Seismic studies show one block, under exploration by First Australian Resources Ltd., may contain as much as 1 billion barrels of crude, Medou said. The Subiaco, Australia-based company is also planning to drill a second site that may hold another 200 million barrels, he said.
First Australian is waiting for approval from Senegalese President Abdoulaye Wade before drilling the wells, according to an e-mailed document from the company. No information on potential reserves was provided.
A third bloc, jointly controlled by Senegal and Guinea- Bissau, is being explored by London-based Ophir Energy Plc and Noble Energy Inc. of Houston, according to a Petrosen document.
“Within three to five years, I think we will have at least something, a field that can produce, maybe even a big one,” Medou said.

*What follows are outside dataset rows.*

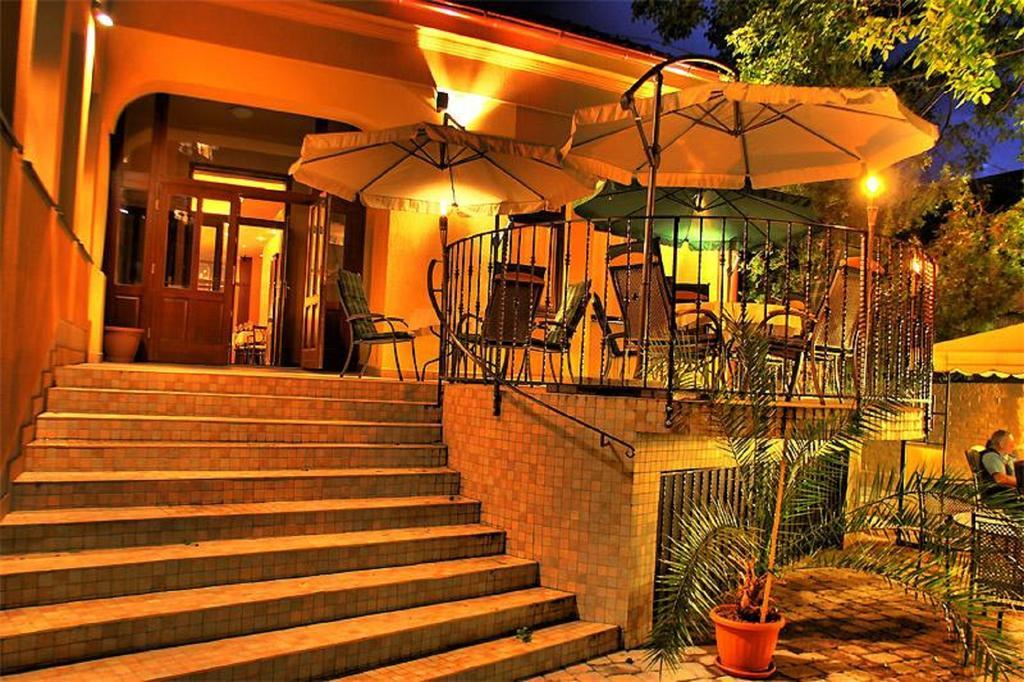קושיצה Hotel Rokoko מראה חיצוני תמונה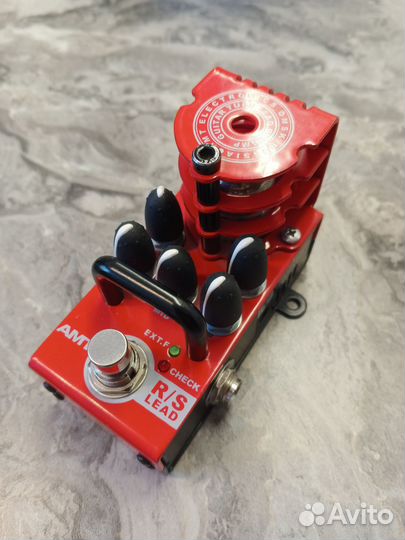 Гитарная педаль amt bricks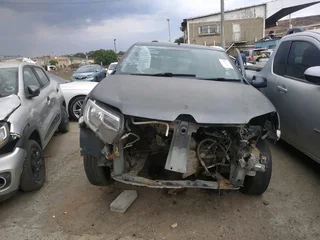 2019 Renault Sandero H4BA Manual transmission Stripping for spares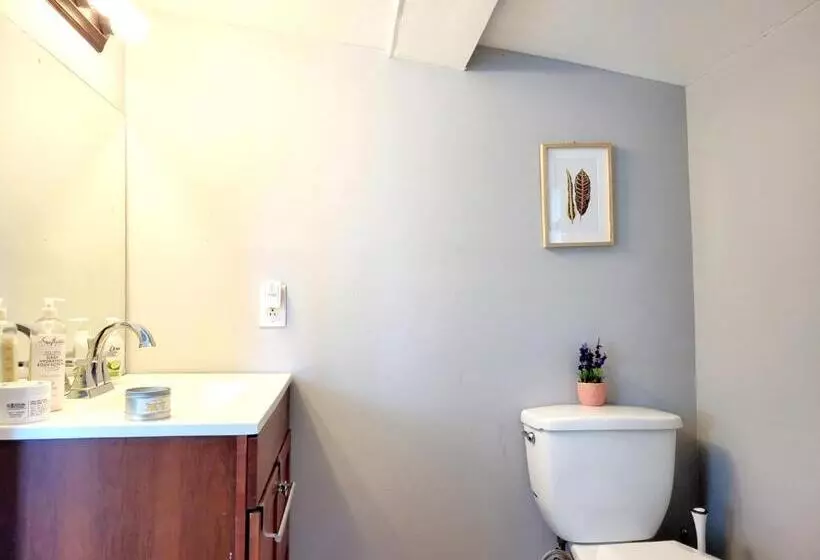 Majatalo Budget Bed Room Near Downtown Inner Harbor W Free Parking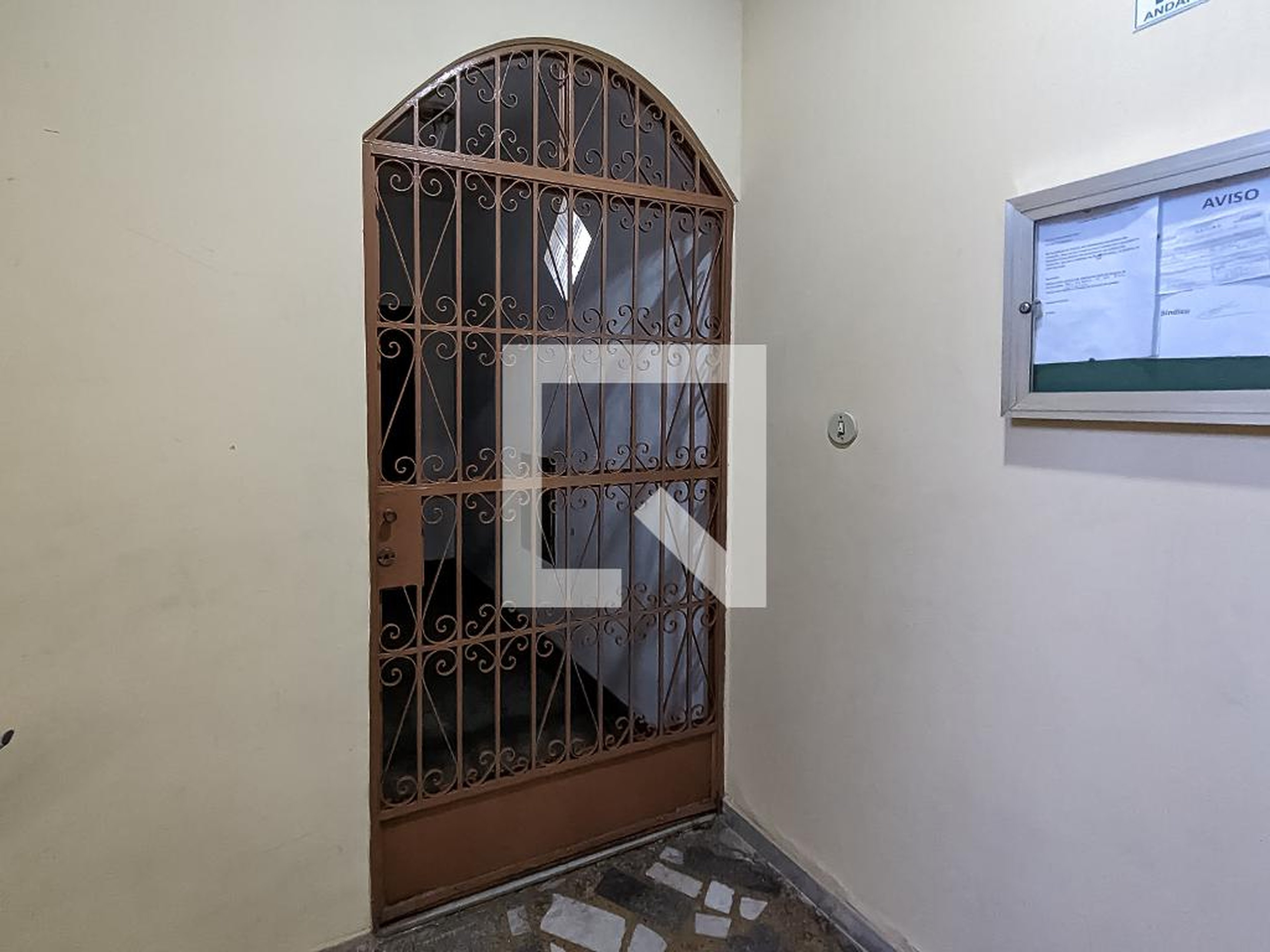 Entrada Condomínio em Rua São Luiz Gonzaga, 568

Production of offshore oil would be “an enormous project,” requiring the expansion of Senegal’s Dakar port and improvements at the country’s lone refinery, Societe Africaine de Raffinage, said Senior Port Planner Chris Matson at Moffatt and Nichol, a Long Beach, California-based company that plans and develops infrastructure projects including ports and railways. Matson met with Senegalese mining ministry officials on Aug. 2. “In the long term, having all this construction is going to help the country provide skilled labor and good jobs,” he said by phone Aug. 29.
Senegal, which suffers from regular power cuts that led to violent street protests in June, is also hoping to find reserves of natural gas that can be used for electricity generation, said Medou.
Africa Fortesa Corp. of Houston will drill an exploration well to expand output at a bloc known to hold at least 13 billion cubic feet of natural gas, he said.